Les catégories navigation directe-indirecte se croisent avec les catégories sous-puissance - surpuissance. En sous-puissance, la quantité de rappel (équipage et/ou lest) est supérieure à la composante de gite développée par le vent dans les voiles, l'équilibre est alors assuré par le déplacement de l'équipage. En surpuissance, c'est l'inverse, la quantité de rappel est inférieure à la composante de gite, l'équilibre est assuré par les commandes. Cette sous-catégorisation (surpuissance-sous-puissance) permet de distinguer des actions différentes sur la voile et sur la barre.

 En navigation indirecte, les voiles sont fixes (bordées près de l'axe du bateau ou choquées au maximum pour la navigation indirecte sous le vent). On joue sur la barre qui est mobile, pour se rapprocher le plus près de l'objectif sans faire faseyer la voile (indirecte au vent) ou sans déventer le génois (indirecte sous le vent) en sous-puissance et pour se rapprocher le plus possible de l'objectif en gardant le bateau à plat en surpuissance au vent. 

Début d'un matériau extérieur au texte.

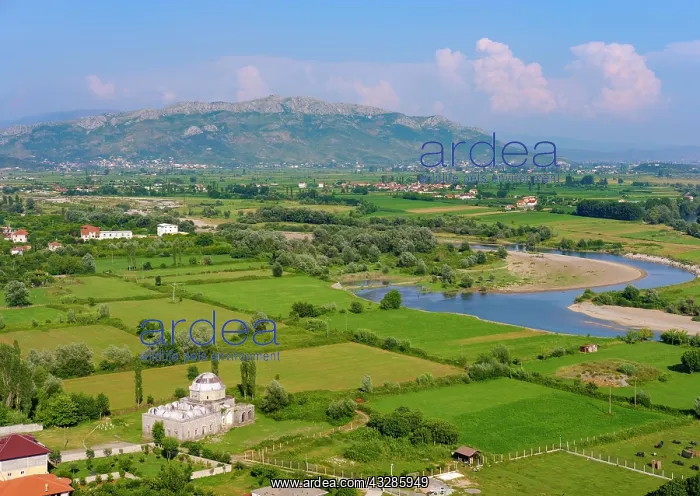 : Lead mosque and river Kir, view from castle Rozafa : Lead mosque and river Kir, view from castle Rozafa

 Cette catégorisation est utilisable pour la conduite (action sur les commandes, barre, écoutes, déplacement de l'équipage) mais aussi pour la navigation (propre à la croisière, utilisation d'une carte marine). En route directe, on détermine un cap à suivre à partir d'une position de départ et on le suit, ce qui permet d'atteindre l'objectif. Le barreur suit le cap déterminé par le navigateur. En route indirecte, le barreur donne le cap qu'il peut suivre au navigateur. L'ordre est inversé. Le navigateur doit déterminer des limites à ne pas dépasser (laylines, qui peuvent être des relèvements, des alignements - on parle de relèvements ou alignements de garde - des coordonnées GPS de garde) pour éviter les dangers identifiés sur la carte. Systématisée par les navigateurs anglo-saxons, elle l'est beaucoup moins en France. A ne pas confondre avec le cadre (ou laylines) du vent, qui s'y superpose.

Pour la conduite, cette catégorisation offre de nombreux avantages :

Elle est binaire, donc simple.

Elle est précise : l'objectif est un point. 

Elle ne se réfère pas à la direction du vent. on passe de la géométrie (direction du vent) à la cybernétique (logique du signe: coïncidence étrave-objectif, fasseyement du guindant, penons extrados-intrados, déventement du génois).

Elle intègre l'équilibre du voilier par la sous-catégorisation surpuissance-sous-puissance et le déplacement de l'équipage sur un dériveur comme commande.

On ne considère plus la position des voiles par rapport au vent en fonction de la position du bateau par rapport au vent. Ces deux positions sont totalement dissociées.

Et pourtant les allures sont toujours une référence dans de nombreux manuels. Il aura fallu 40 ans pour que la catégorisation route directe-indirecte s'impose (FFV et Glénans, bien que ces deux institutions conservent des références aux allures). On peut s'en étonner, si l'on ignore l'histoire de l'enseignement de la voile en France (voir les articles de pascale Bouton sur le site de l'ENVSN) ou les obstacles cognitifs qui sous-tendent le passage de la géométrie à la cybernétique. Ce changement de catégorisation correspond au passage d'une logique de l'engin (décrit idéalement par les sciences physiques) à une logique de l'individu. Cet inversion de l'ordre de préséance académique fut sans doute le principal obstacle à l'adoption de cette catégorisation, pourtant beaucoup plus efficace.